Kapil - I think you may have missed the finer point of Jerry's
idea/requirement its not so much for the mail or queuing but for the users
so that if the primary mail server goes down mail will still be delivered to
a mail server that the users can query with a simple change to their mail
client.

There are some drawbacks that I can see first off if all mail is delivered
to 2 servers regardless of whether the primary is up or down (assuming for
the moment that you can achieve that) what happens in the situation when the
user does log in to that second server they will have all the mail that they
have deleted when they got it the first time around.

The proper way as I understand it and this can provide 99.999% uptime i.e.
only 5 minutes per year down which is Telco standard, six nines is Military
grade is the following.  BTW this is an open cheque book scenario if anyone
has this and wants to give me a call I'll happily put a worldwide team
together to implement it but expect an initial bill in the order of half a
million US$ to get going.  If you used more than 2 sites I expect you could
make it military standard (30 seconds downtime in a year)

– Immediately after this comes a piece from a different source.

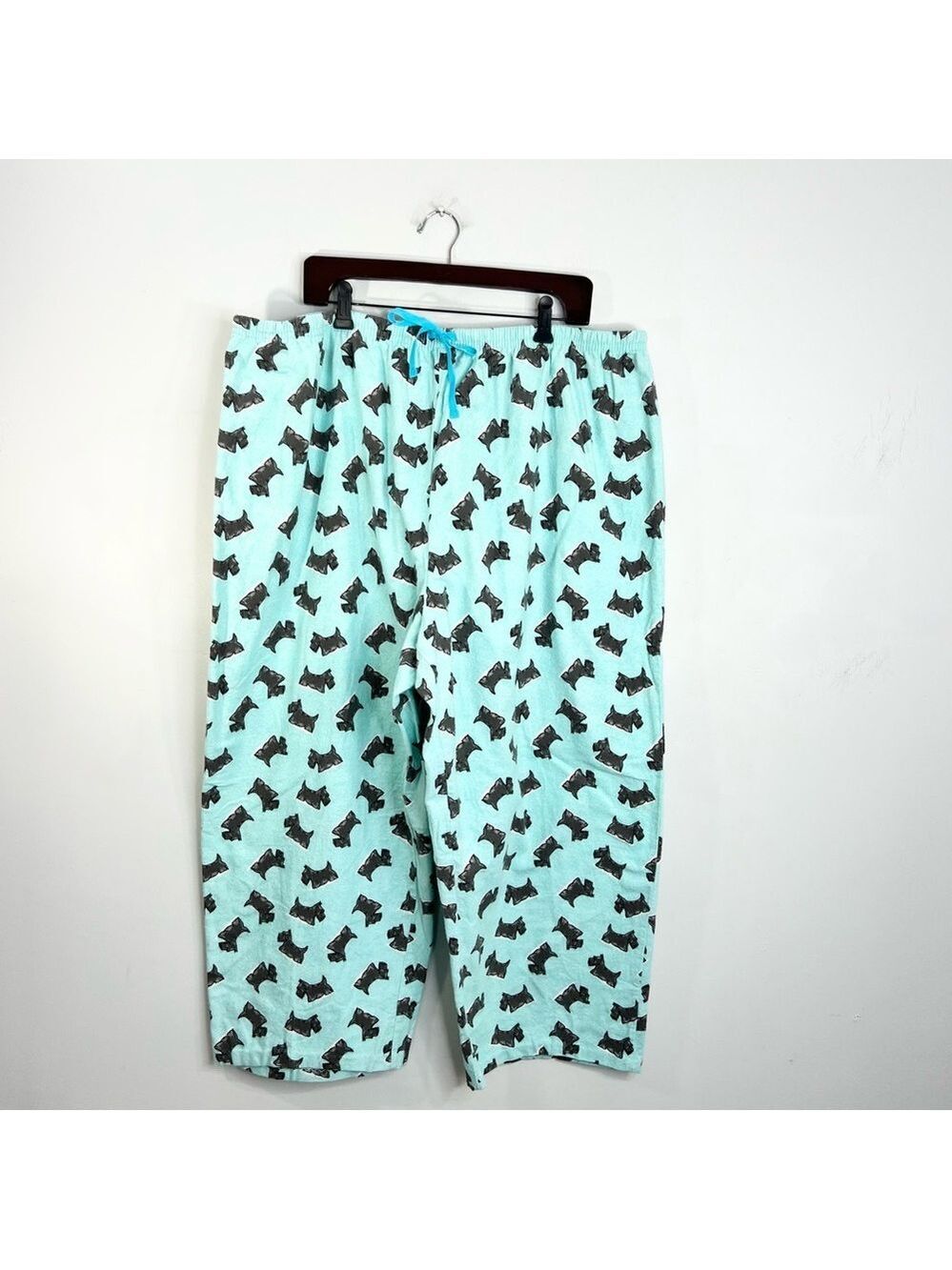 Aqua blue cotton flannel Scottie dog lounge pants pyjama pants XXL / 20 - Picture 3 of 14
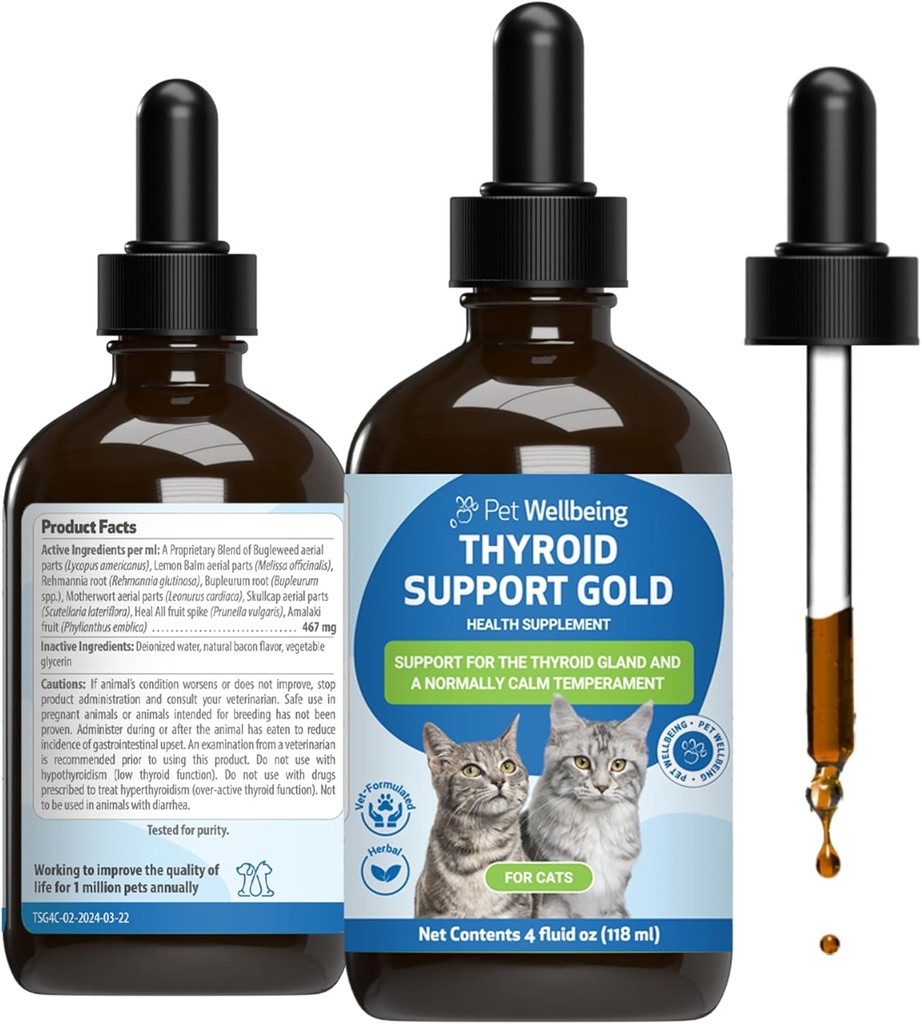 Pet Wellness Yourroid Support Gold for Cats - Supports Health Yourroid Gland Function in Cats, Normal Metabolism, Bugleweed, Lemon Balm - Veterinarian-Formated Herbal Supplement 4 fl oz (118 ml)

First off you need a minimum of 2 data centres far enough apart that the
following won't affect both: earthquake, tsunami, major bomb or plane crash.
Now you need to link them via massive and redundant fibre.  Ok now you need
to install a SAN at each location that mirrors to the other this is where
you will store the mail.  Next you need a Database cluster at each end that
also mirrors this is where you will store the user information.  Now you
need to build your mailservers Qmail works well with this as it will hook up
with MySQL for user data call each mail server mail1.domain.com -
incrementing as required then put a load balancer with hot spare in front of
the mailservers at each site then you need to put Global load balancing in
front of the whole thing so you end up with just one mail.domain.com.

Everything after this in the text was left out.